Oh my, how the cookie is crumbling. Last month, Google announced it will begin phasing out all third-party cookie-based tracking from it’s popular Chrome browser over the next 2 years. This comes on the heels of increased privacy regulations for third-party cookie tracking (think GDPR and the recent California Consumer Privacy Act) which continue to change the landscape of how online advertisers strategize their ad spend. The Chrome browser, which holds a staggering 69% desktop market share globally, will follow a host of other browsers such as Firefox, who have already pledged to eliminate tracking users over the web.
Browser cookies have long been used to track user behaviors online by sites and networks and sold back to advertisers. Many companies also leverage cookie-level data to feed back into audience building or conversion modeling as a means to feed marketing funnels.
The industry shift to protect users online from mischievous ad tracking is long overdue, yet leaves many advertisers re-strategizing their own digital efforts. Overall a cookie-less shift may lead to more of an econometric outlook on advertising spends, opening up new horizons within the digital space.

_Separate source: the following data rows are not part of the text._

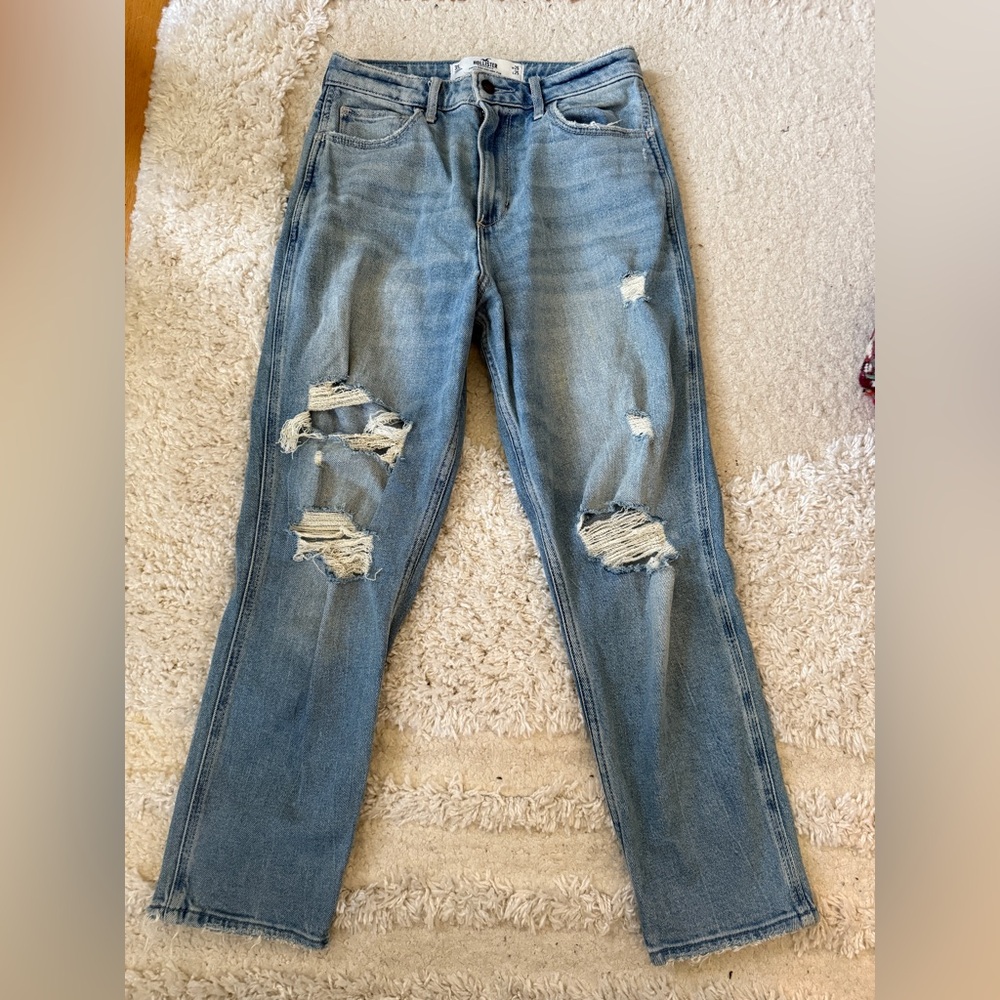 Hollister Jeans size 26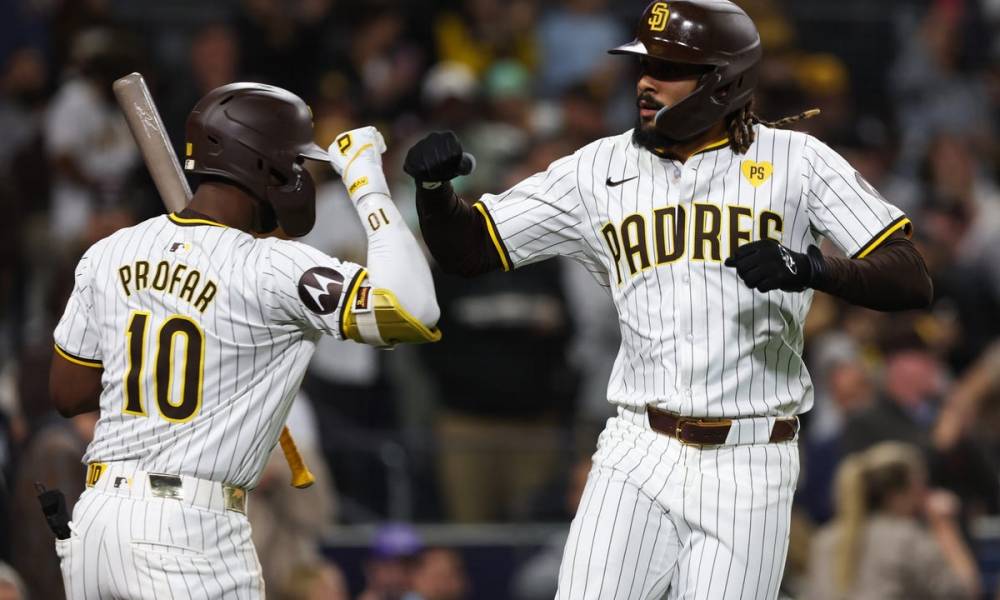 Can The Padres Beat The Yankees? Predicting San Diego's 7-Game Winning Streak Can The Padres Beat The Yankees? Predicting San Diego's 7-Game Winning Streak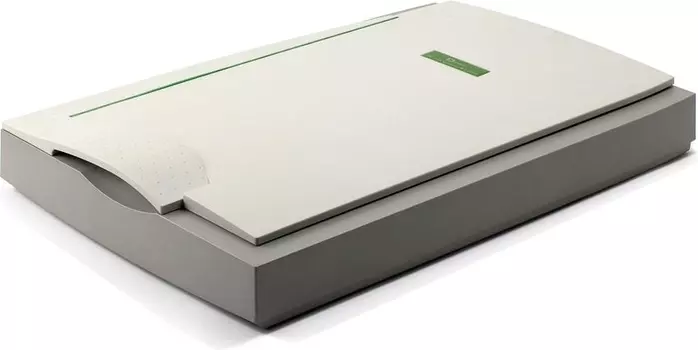 Сканер Mustek A3 1200 S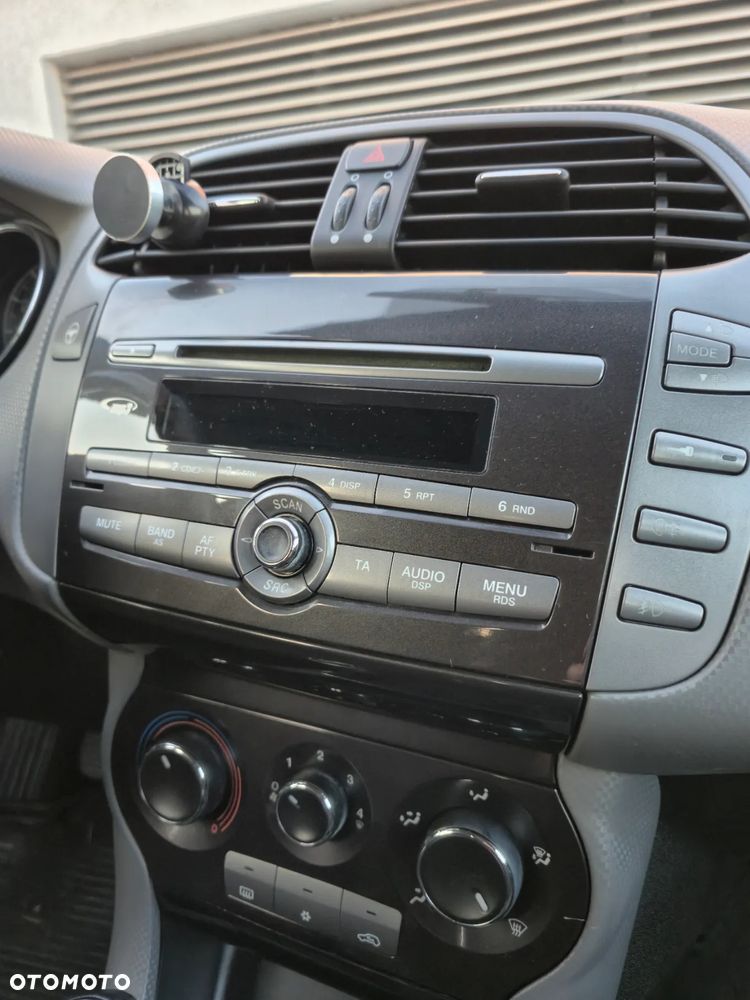 Fiat Bravo 1.4 16V Active - 13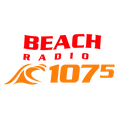 CJIB 107.5 FM Vernon, BC Radio Logo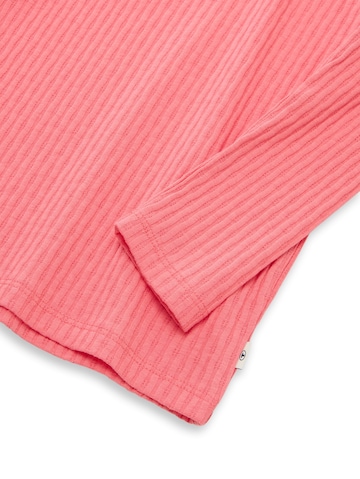 TOM TAILOR Shirt in Roze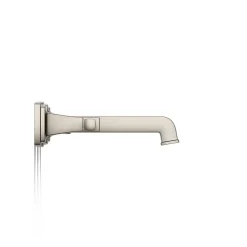 Wall-mount bathroom sink faucet trim, 1.2 gpm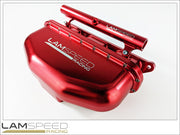 Lamspeed Racing 2020+ Toyota GR Yaris / Corolla G16E-GTS Billet Intake Manifold Kit.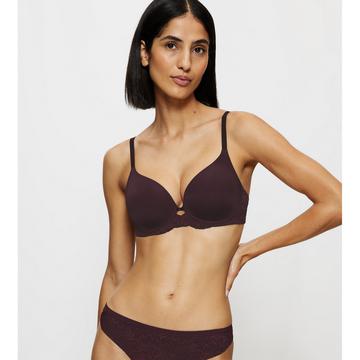 Soutien-gorge avec armatures, rembourré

What does this mean for you? Thankfully, there’s still some time to digest. Google hasn’t begun developing the technology, but plans to introduce the update in 2022. Now would be the time to re-evaluate third-party tracking tactics currently in use, and reconsider what your marketing ecosystem will need to look like moving forward. This might mean a higher emphasis on bespoke content and organic social, or reevaluating paid media to leverage more 1st-party data and advanced search solutions.